Once the line holding "Tommy Bahama Shirt SS" is found in the entries below, transcribe exactly every line up to and including the one holding "Photo of Livingroom", but leave out the pictures.

## Provided information
★ ★ ★ ★ ★

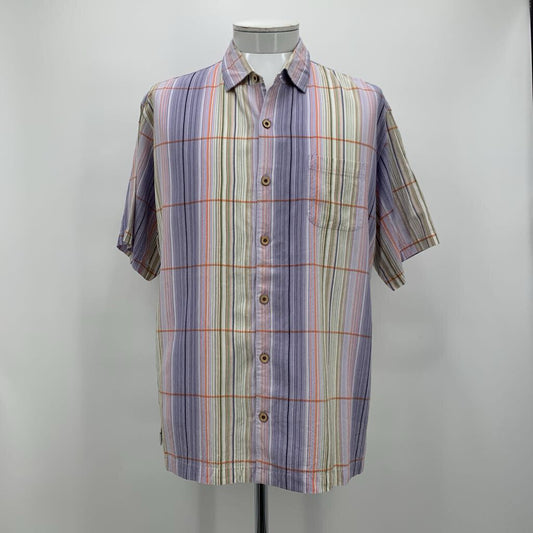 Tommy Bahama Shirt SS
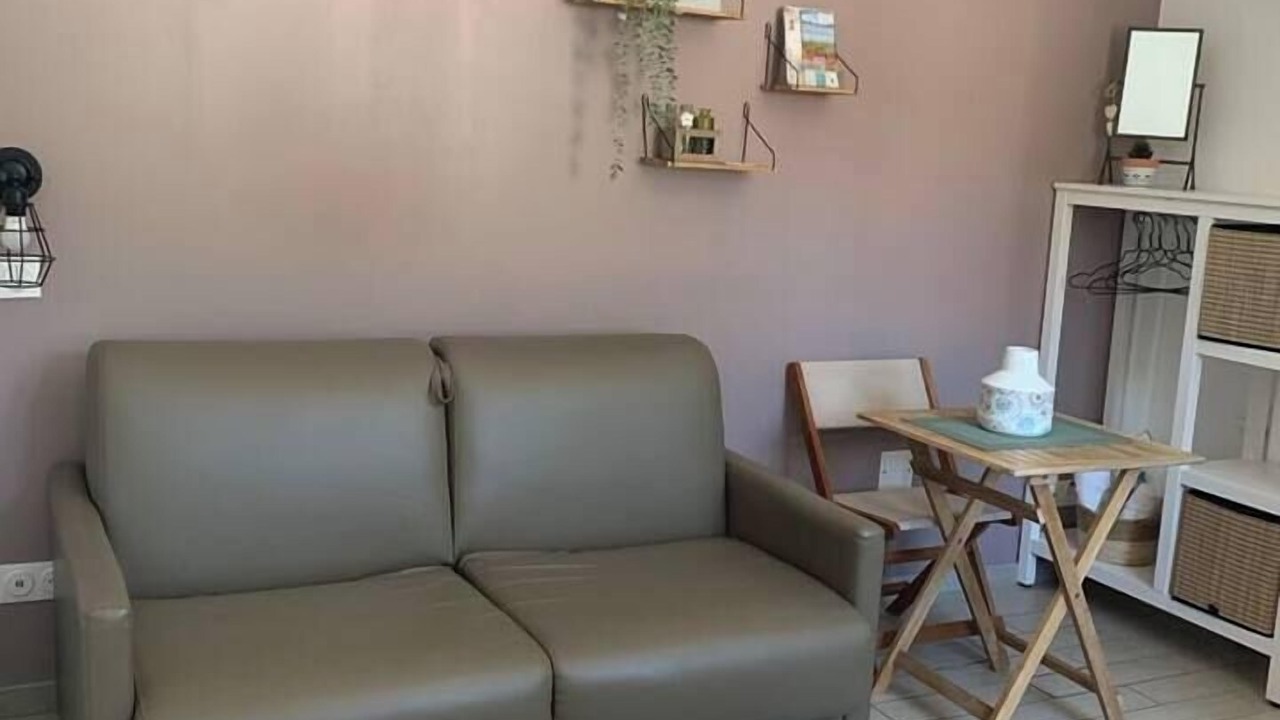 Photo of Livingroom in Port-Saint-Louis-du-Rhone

★ ★ ★ ★ ★

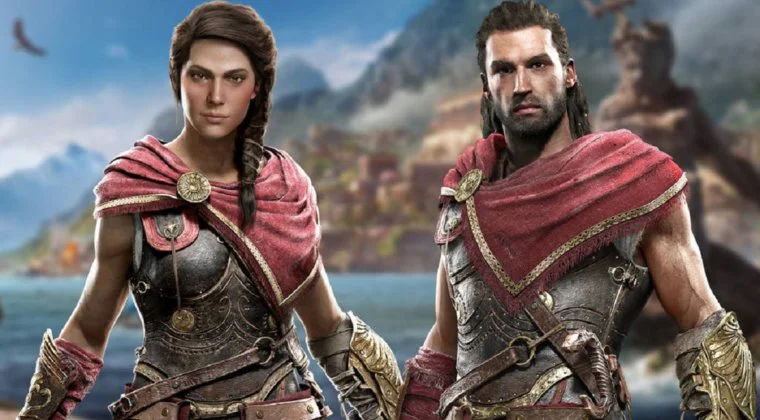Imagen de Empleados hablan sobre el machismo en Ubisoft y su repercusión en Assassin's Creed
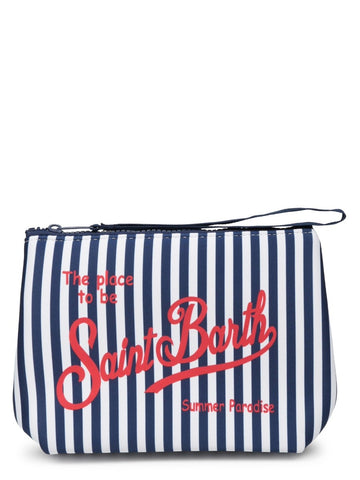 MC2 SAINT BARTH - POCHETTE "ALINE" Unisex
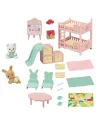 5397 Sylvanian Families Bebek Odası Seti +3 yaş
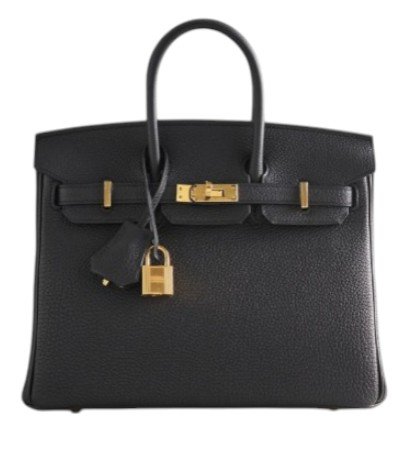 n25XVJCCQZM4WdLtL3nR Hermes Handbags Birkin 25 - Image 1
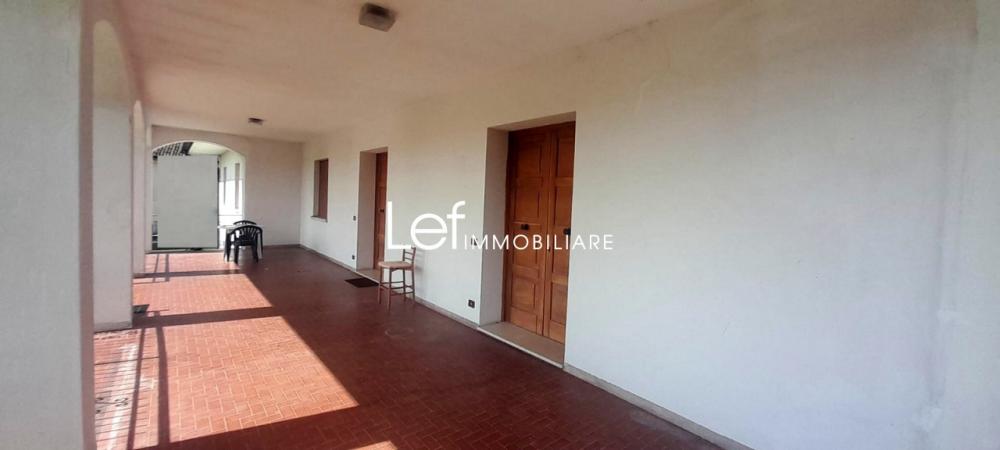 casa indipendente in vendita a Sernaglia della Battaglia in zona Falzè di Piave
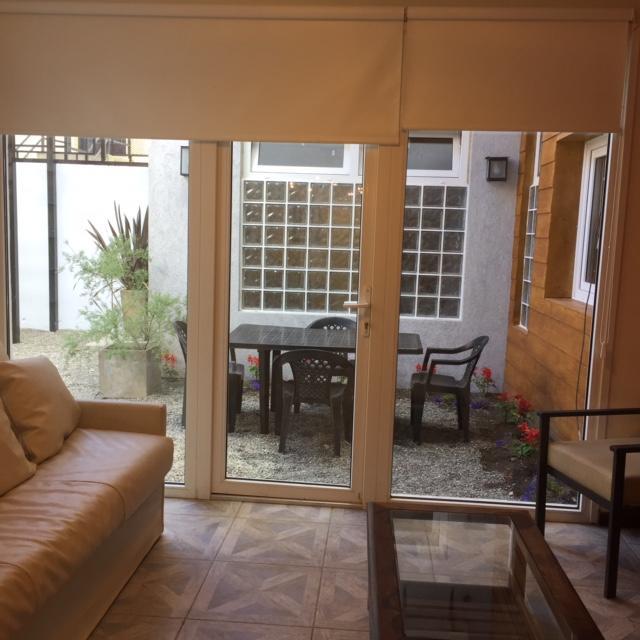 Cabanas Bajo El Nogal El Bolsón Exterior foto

★ ★ ★ ★ ★

## Response area
 Tommy Bahama Shirt SS
 Photo of Livingroom in Port-Saint-Louis-du-Rhone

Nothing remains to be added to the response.